Start of Data shown

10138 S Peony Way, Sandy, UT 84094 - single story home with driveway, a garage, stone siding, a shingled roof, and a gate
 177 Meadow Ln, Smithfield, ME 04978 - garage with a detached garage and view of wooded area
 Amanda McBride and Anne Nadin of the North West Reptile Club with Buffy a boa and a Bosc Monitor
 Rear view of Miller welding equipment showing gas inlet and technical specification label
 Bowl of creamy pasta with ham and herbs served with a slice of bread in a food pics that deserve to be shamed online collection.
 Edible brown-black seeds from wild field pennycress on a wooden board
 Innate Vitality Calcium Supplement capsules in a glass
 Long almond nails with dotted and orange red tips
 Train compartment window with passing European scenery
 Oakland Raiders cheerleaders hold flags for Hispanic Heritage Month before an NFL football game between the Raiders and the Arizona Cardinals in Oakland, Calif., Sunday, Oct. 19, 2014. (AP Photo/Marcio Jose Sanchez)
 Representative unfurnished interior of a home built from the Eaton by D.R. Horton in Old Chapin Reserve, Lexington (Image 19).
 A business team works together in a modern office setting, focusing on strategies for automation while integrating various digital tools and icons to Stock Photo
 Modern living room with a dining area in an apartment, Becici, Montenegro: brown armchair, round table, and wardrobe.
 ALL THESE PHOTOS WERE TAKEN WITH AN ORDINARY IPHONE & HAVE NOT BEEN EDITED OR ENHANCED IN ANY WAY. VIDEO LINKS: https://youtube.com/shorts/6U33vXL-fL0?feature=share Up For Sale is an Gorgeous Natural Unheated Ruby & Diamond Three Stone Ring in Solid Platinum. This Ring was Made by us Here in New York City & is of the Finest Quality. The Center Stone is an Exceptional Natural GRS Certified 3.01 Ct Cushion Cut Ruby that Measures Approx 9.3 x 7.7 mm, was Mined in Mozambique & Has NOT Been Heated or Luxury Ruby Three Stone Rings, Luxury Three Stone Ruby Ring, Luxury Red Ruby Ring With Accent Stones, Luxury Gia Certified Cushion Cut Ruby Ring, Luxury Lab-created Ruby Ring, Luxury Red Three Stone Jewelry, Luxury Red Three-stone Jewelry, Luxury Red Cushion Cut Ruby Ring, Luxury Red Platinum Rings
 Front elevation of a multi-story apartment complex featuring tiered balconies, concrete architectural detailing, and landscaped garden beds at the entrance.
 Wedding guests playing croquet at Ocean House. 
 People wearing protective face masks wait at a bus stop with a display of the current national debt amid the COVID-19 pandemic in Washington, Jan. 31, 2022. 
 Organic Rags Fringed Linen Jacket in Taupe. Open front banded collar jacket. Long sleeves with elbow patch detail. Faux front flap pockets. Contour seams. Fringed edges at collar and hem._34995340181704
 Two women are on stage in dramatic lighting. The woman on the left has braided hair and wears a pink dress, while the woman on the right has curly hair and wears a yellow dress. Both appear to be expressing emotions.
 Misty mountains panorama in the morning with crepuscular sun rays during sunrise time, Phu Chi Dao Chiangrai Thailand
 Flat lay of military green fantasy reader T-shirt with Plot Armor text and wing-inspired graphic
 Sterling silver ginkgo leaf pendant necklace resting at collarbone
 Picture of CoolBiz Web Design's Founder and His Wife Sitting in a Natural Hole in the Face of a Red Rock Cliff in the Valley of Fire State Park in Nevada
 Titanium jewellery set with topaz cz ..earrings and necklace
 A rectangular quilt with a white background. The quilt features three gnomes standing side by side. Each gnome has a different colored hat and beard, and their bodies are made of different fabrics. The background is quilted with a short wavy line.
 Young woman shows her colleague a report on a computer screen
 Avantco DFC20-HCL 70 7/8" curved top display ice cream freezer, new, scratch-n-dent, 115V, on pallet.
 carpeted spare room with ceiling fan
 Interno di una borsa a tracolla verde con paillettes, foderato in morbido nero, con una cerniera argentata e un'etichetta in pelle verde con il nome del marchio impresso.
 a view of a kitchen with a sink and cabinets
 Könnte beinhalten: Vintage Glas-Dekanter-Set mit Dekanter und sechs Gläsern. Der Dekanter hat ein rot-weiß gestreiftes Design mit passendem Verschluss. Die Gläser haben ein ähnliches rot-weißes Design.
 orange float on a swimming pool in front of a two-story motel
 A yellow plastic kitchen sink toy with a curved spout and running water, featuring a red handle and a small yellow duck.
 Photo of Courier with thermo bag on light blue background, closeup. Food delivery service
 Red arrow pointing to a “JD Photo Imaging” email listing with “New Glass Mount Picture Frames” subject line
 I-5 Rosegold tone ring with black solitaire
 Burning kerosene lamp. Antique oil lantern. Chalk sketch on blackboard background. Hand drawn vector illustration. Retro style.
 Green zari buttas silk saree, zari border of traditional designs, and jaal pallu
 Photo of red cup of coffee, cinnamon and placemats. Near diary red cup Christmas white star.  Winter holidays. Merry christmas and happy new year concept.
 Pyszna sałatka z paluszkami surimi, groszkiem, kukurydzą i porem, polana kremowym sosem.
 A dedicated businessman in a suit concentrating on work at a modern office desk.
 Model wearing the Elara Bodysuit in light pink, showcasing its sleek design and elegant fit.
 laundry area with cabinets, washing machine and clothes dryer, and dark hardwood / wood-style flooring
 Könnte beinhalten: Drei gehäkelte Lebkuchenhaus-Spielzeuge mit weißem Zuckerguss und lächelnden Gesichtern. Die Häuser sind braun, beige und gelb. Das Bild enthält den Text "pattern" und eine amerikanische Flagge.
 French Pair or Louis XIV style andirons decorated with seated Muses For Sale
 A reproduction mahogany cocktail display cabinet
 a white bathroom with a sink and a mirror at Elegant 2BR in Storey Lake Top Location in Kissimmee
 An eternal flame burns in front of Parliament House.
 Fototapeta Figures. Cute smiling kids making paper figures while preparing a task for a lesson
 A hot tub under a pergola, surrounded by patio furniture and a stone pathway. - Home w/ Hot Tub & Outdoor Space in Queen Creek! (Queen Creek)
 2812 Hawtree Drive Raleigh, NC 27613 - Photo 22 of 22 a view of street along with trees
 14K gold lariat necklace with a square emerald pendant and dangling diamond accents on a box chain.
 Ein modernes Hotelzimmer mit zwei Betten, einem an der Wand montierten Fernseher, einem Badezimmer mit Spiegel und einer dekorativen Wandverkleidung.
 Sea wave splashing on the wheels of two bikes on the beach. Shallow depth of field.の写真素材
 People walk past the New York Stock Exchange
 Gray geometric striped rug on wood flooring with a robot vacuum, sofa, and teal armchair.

End of Data shown

● **Your goal**
Repeat only what lies between the first line of the data and the line containing "Amanda McBride and", both of those lines included, exactly as it stands.

● **Reply**
10138 S Peony Way, Sandy, UT 84094 - single story home with driveway, a garage, stone siding, a shingled roof, and a gate
 177 Meadow Ln, Smithfield, ME 04978 - garage with a detached garage and view of wooded area
 Amanda McBride and Anne Nadin of the North West Reptile Club with Buffy a boa and a Bosc Monitor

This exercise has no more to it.